The impossibility of it all began to appeal to my perverse side (admittedly difficult to distinguish from my other, equally twisted sides). A bona fide adventure - I mean, you can fly round Mount Everest now in 1.5 hours for $120, but this - this was really promising. Ten hours on a bus to the middle of nowhere. A day and half trying to find this freak, and then hopping a taxi to a bus to another bus to cross the border at Birgunj, Nepal to catch my train in Raxaul, Uttar Pradesh, India (described by no less than Lonely Planet as "one of the most god-forsaken places in the country").

THEN (pause to catch breath) a 20-hour train ride in 2nd class sleeper to Delhi!


Something really has to be done about all the new, superfast travel - before we know it Asia will be one giant express lane. I'm going to start a "slow travel" protest, in the spirit of the French and Italians who rebelled against the encroachment of fast food chains into their countries and responded with the "slow food" movement. At the very least, efforts should be made to preserve the bullock-cart. As long as there are bullock-carts, somewhere, Asia will still retain its basic character and traditions. Soon enough, I see a future in which the bullock-cart has gone the way of the horse and carriage or now, the hand-pulled rickshaw - a high-priced novelty ride in the country for foreign tourists, who are desperate to get away from the smog and rumble of the tractors and Tempos which replaced them.

Highway to Hell
The New York Times is running a series all about the new quadrilateral superhighway that's being built, largely by hand in Indian fashion, to connect major sectors of India. This project was begun by the previous government in one of their relentless attempts to make India just as boring and uniform as the rest of the world, in the name of progress and convenience.
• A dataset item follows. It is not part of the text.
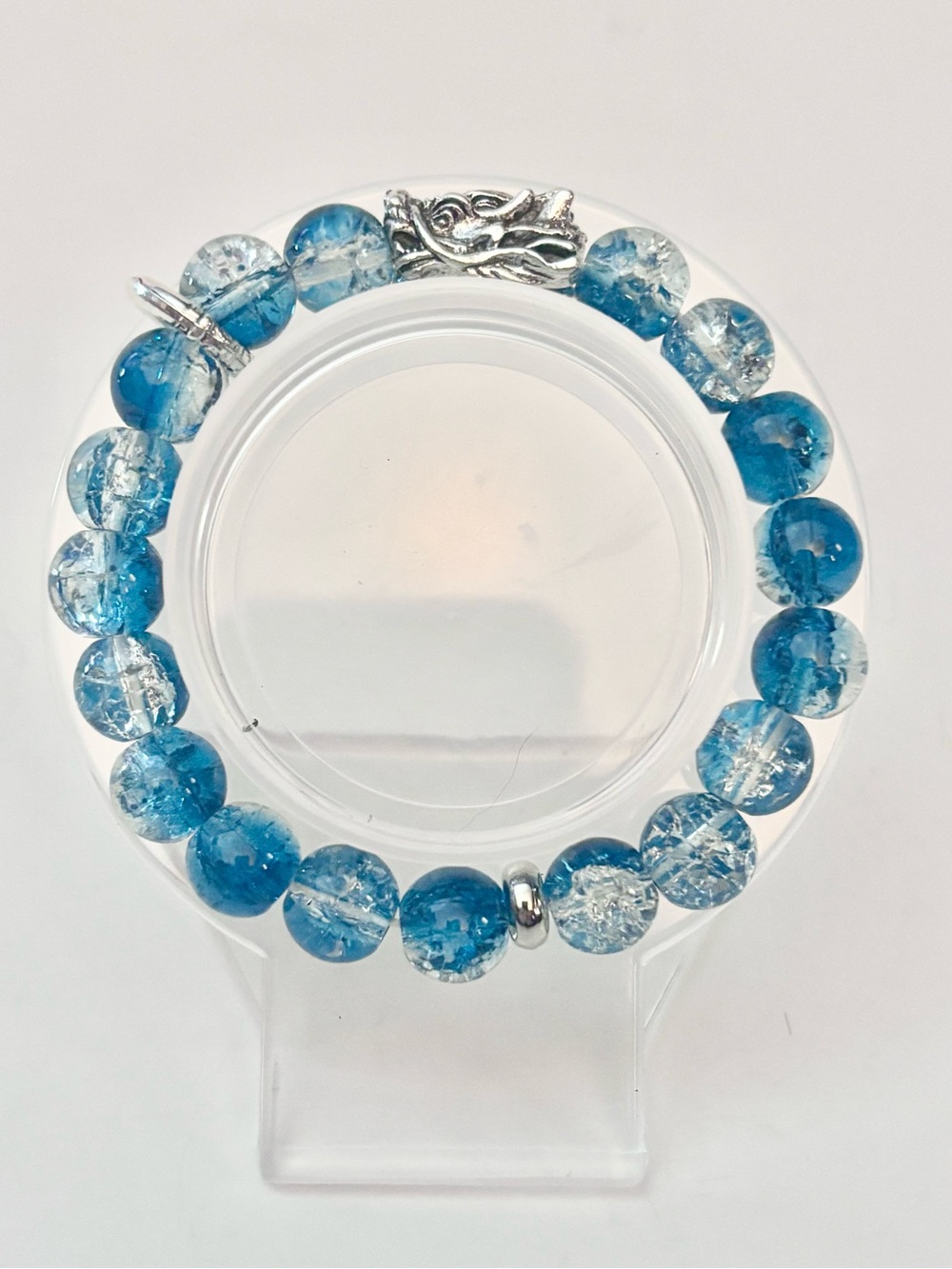 Blue Crackle Glass Beaded Bracelet - Silver-tone dragon charm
This writer predicts it will do exactly what the superhighways did in America - ruin small town life, increasingly homogenize the culture till you can't tell one freeway exit from another and everyone talks and dresses the same, then finally, destroy the train system, which has been the backbone of the nation since British times. At one time, you could take a train all across my country. Now it's all you can do to get anywhere by bus or train - it's either drive or fly.

So, Auntie's addvice (said in Indlish with emphasis on the first syllable) is: See India now while there's still something to see that can't be glimpsed at the local mall, or from your car window, anywhere in the West! While there are still people who don't look like the Backstreet Boys! The day is soon coming when vegetables and fruits won't be sold at all on the roadside, but in megamalls like Pune Central (see "New Indian Epidemic: Mall Rats"), and everyone will be wearing t-shirts and Dockers. At that point, you're better off watching Nat Geo.

1 comment:

Shinu Mathew said...

The story in the BBC south Asia is utterly biased and do little Justice to India's today's position. You can mock our accent. While westerners think thet English-fluency is what one should gauge one's ability, you are totally wrong. Why all these call-center jobs are shifting to India if we can't speak good english? Why We are the best in IT? Let me remind you that we possess a strong analitycal mind coupled with a flair for all languages. I challenge any westerner to learn any Indian Language from scratch and speak fluently within 3 months. An Indian can do that with English.
And as you said, You would see jeans-t-shirt clad men & women on Indian Streets, well that is already here. We are not blindly imitating the west, but we have our own style and way. The india that you think is still in the 19 century. But we have moved forward. India is no longer a cow-worshiping, Snake charmers land. Not of black magic and poverty. True still these are there, but soon the poverty and other epidemics will vanish. A new young vibrant India is emerging.
Just remember Swami Vivekananda and how he charmed the entire US by just one speech.
We have a great culture madam. A great one!